#### [Given data]
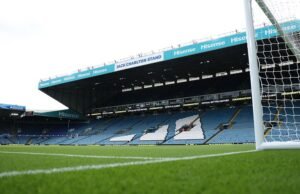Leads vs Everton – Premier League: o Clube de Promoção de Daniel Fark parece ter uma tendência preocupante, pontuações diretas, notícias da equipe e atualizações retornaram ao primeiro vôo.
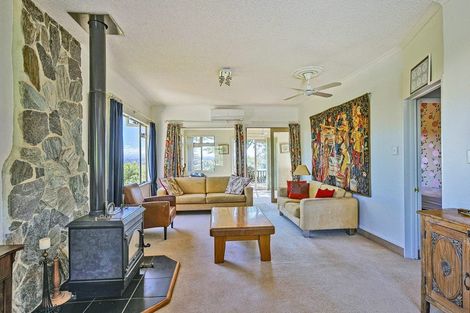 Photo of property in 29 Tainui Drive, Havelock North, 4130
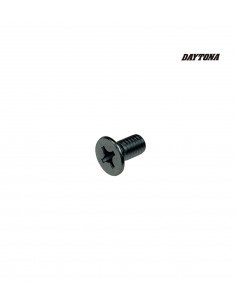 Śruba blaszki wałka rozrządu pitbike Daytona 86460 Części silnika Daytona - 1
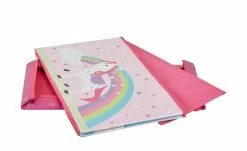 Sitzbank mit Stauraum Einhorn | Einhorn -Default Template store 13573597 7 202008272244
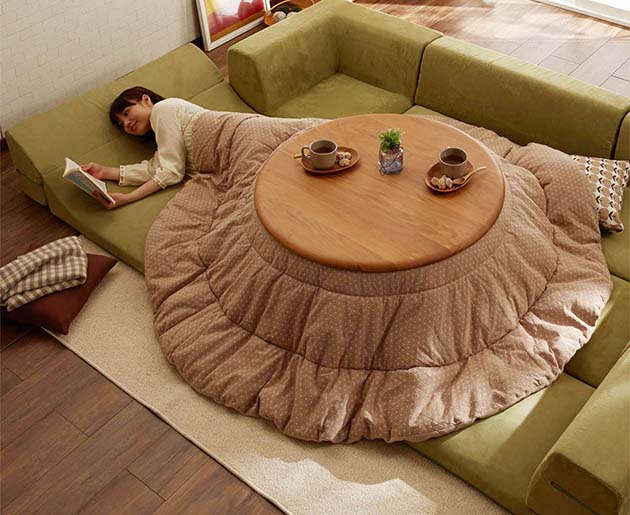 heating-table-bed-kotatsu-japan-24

* * *

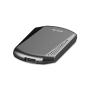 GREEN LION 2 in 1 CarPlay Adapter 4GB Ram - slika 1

#### [Exercise details]
Reproduce, exactly and only, the lines of the records above starting at the line with "Photo of property" and ending at the line with "heating-table-bed-kotatsu-japan-24", both included. Leave every picture out.

#### [Written answer]
 Photo of property in 29 Tainui Drive, Havelock North, 4130
 Śruba blaszki wałka rozrządu pitbike Daytona 86460 Części silnika Daytona - 1
 Sitzbank mit Stauraum Einhorn | Einhorn -Default Template store 13573597 7 202008272244
 heating-table-bed-kotatsu-japan-24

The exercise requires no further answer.